There is the rub. The Act requires "the recipient expressly consented to receive the message ... at the recipient's own initiative."

To repeat. By subscribing, the recipient is exercising initiative. But the consent to receive commercial messages must be more than implied, it must be express.

What Language Is Required?

Sub-section 7 (a) of the Act states:

"(a) Violation Is Unfair Or Deceptive Act Or Practice - Except as provided in subsection (b), this Act shall be enforced by the Commission as if the violation of this Act were an unfair or deceptive act or practice proscribed under section 18(a)(1)(B) of the Federal Trade Commission Act (15 U.S.C. 57a(a)(1)(B))."

(See sub-section 7 (a) of the Act. Sub-section 7 (b) sets out the various Federal agencies empowered to regulate the specific sectors not covered by the Federal Trade Commission, being banks, savings associations, credit unions, investment companies, advisors, brokers and dealers, insurance companies, airlines, stockyards and sectors specifically regulated by the Federal Communications Commission.)

In determining whether a particular act or practice is unfair or deceptive, the Commission applies what I call "the reasonable consumer test." The language you use has to be sufficient to inform a reasonable consumer of the nature of the messages to be received upon subscribing to the "Internet News."

(For more information on this topic, you will want to get a copy of the PDF booklet Rules? What Rules? - How To Market On The Internet Without Getting Busted By the FTC.)

Want to meet this standard? You are going to have say something more than "Subscribe Now To The Internet News."
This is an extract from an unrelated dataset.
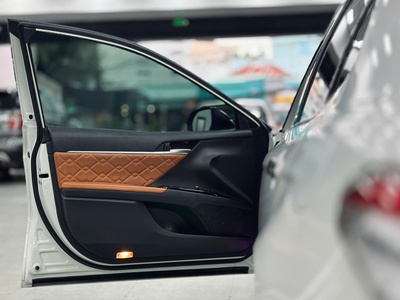 Bán xe Toyota Camry 2.5Q 2020, màu trắng. 15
What wording to use? The exact wording you need will depend on the nature of your e-publication, what you say elsewhere on your web page and the form of advertising you run.

One point. Based on how the Act defines "affirmative consent," the recipient with the proper wording can grant you as the e-publisher express consent to send messages containing third party advertising.

Where Should You Put The Required Language?

Can you bury the language in clause 13 (a) of your 4 page terms of use agreement, with the link to the agreement being on the bottom of your page?

Since disclosure of what the recipient is "expressly consenting to receive" upon subscribing is material, you will have to make disclosure at or near the subscribe form.

Going back to our example, "Subscribe To the Internet News" there are a number of different options:

You could write something like:

"Subscribe now to the Internet News and receive informative articles about Internet marketing. Now, since your publisher likes to eat and to keep your subscription free, the Internet News includes advertising and you will receive the occasional solo advertisement."

Okay, your advisors may not like this type of informal language, especially as it limits your future options.

Another option would be to set up your subscribe form with the heading "Subscribe Now To The Internet News." Place the statement "Your Subscription Terms" immediately beneath and either to the right or left of the subscribe button and make this a hyperlink.

When the person clicks on the link, your subscriber is taken to a page containing your formal subscription terms and conditions. Then to ice the cake, as part of the subscription process, the person has to confirm agreement with your subscription terms by clicking a check box.

Why go through this trouble? Because it creates a record, confirming agreement.

The point of this analysis? You have to make sufficient disclosure so the recipient when subscribing is expressly consenting to receive your message and you want to have a record available in case of a dispute or problem down the road.

If you decide not to go with the check box, or having your subscriber e-mail you a form as part of the subscribe process, at least keep a record of your web page layout and use a subscribe script which captures the name, email address and Internet Provider address of your subscriber.

Why the IP address? This helps identify the recipient in case of a future issue. It also shows you simply did not harvest the name and email address of your subscribers.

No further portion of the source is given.